At the U.S. entry into World War II, Iskenderian enlisted in the United States Army Air Forces, and flew supply missions in the Pacific Theatre with the USAAF Air Transport Command.

After the war, Iskenderian established a business in a small shop space at 5977 Washington Blvd., in Culver City, California; it backed up to Mercury Tool and Die, owned by John Athan, a high school friend., Iskenderian fabricated camshafts and other parts in this shop for fellow hot-rodders. He started with a single cam-grinding machine, which he adapted for the purpose.

When the war ended, Iskenderian, like many other hot-rodders, applied the experience and expertise gained in the Army to car building. Demand for speed parts was high, so when he was forced to wait five months for a new camshaft, he decided instead to grind his own, with a homebuilt grinder adapted from a cylindrical grinder. Iskenderian's new grinds offered markedly better performance than stock ones. To promote his business early on, Iskenderian took a chance on a new publication, buying an advertisement in the second issue of Hot Rod!; it paid off with new business. He was first to promote his business with T-shirts and uniforms. He would move from the Washington Blvd. location before coming back to Culver City, then ultimately moving the company to Gardena in 1966, where it remains.

Iskenderian was also the first to offer a hard-facing on camshafts, and the first to apply computers to cam design. He also offered the first camshafts designed to work with hydraulic lifters.

To serve the burgeoning new supercharged fuel dragsters, he developed better lifters, drop-in self-locking roller lifters, and anti-pump-up hydraulic lifters that were suitable for high-RPM use. The high valve lifts and long durations demanded better valve springs, so Isky produced the Vasco Jet 1000 springs. He worked with Don Garlits, creating the first corporate sponsorship deal in drag racing, the Don's Speed Shop/Ed Iskenderian dragster, which turned in a record 8.36 second/180 mph pass with Garlits at the wheel. In the 1950s, Iskenderian was the first to offer contingency awards to racers.

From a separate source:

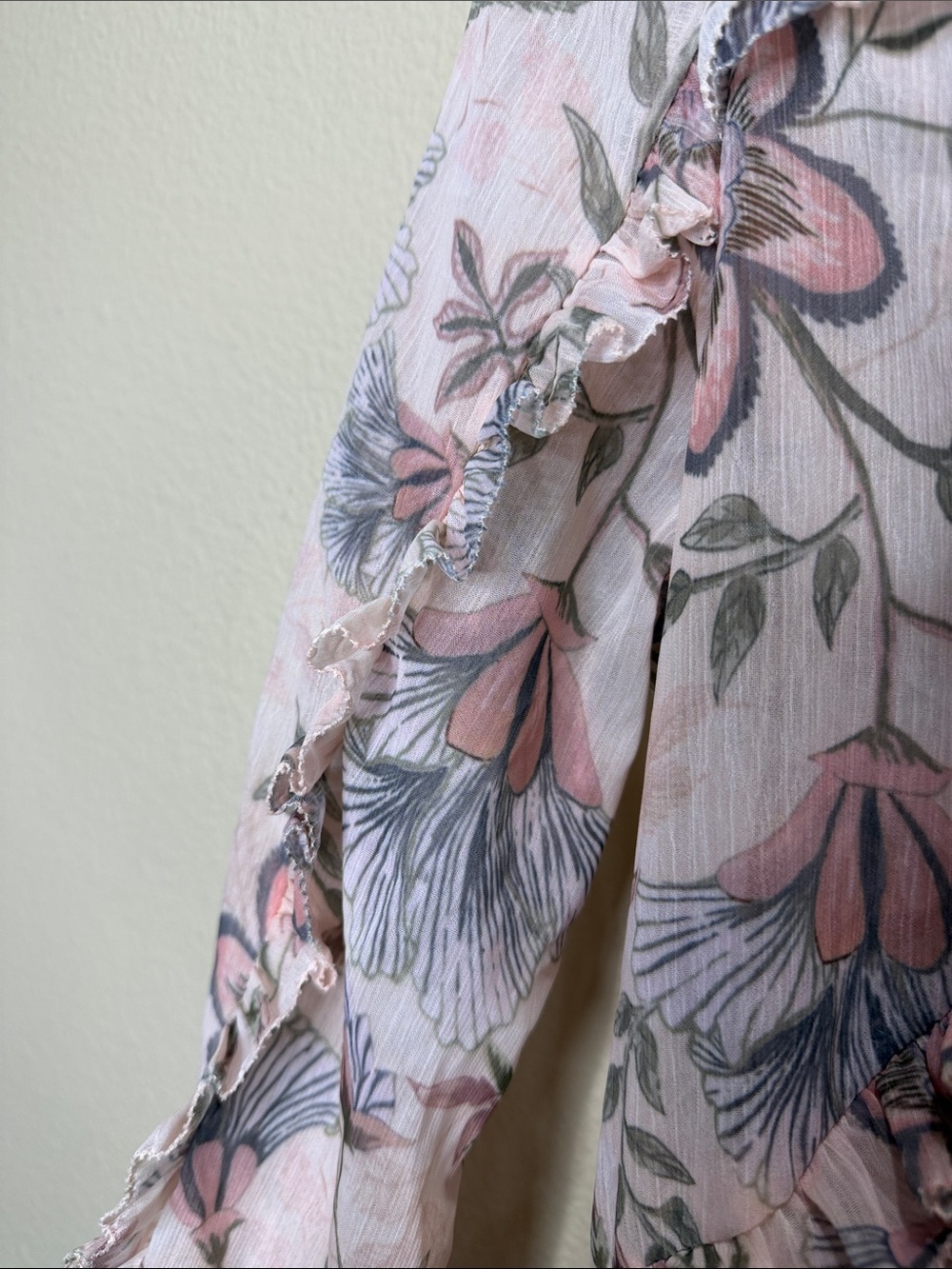 À La Plage by Cinq à Sept Floral Long Sleeve Romper XS Excellent Condition - Picture 8 of 9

Not limiting his focus, Iskenderian offered the first complete valvetrain kits, including camshaft and valve gear, for stock racing classes, as well as street cars. He also produced the first roller lifter cams for Chevrolet engines and the first bushings and cam keys to allow cam timing to be adjusted.

Iskenderian collaborated with Vic Edelbrock Jr., Roy Richter, Bob Hedman, Robert E. Wyman, John Bartlett, Phil Weiand Jr, Dean Moon, Al Segal, and Willie Garner in 1963 to form the Speed Equipment Manufacturers Association, now known as SEMA, serving as its first president during 1963–1964.

===Later life and death===
Iskenderian turned 100 in July 2021, and died in Torrance, California, on February 4, 2026, at the age of 104.

==Honors==
In 1985, Iskenderian was named one of Chevrolet's "Legends of Performance".

The company he founded is now located in Gardena, California.

Iskenderian was inducted into the Motorsports Hall of Fame of America in 2025.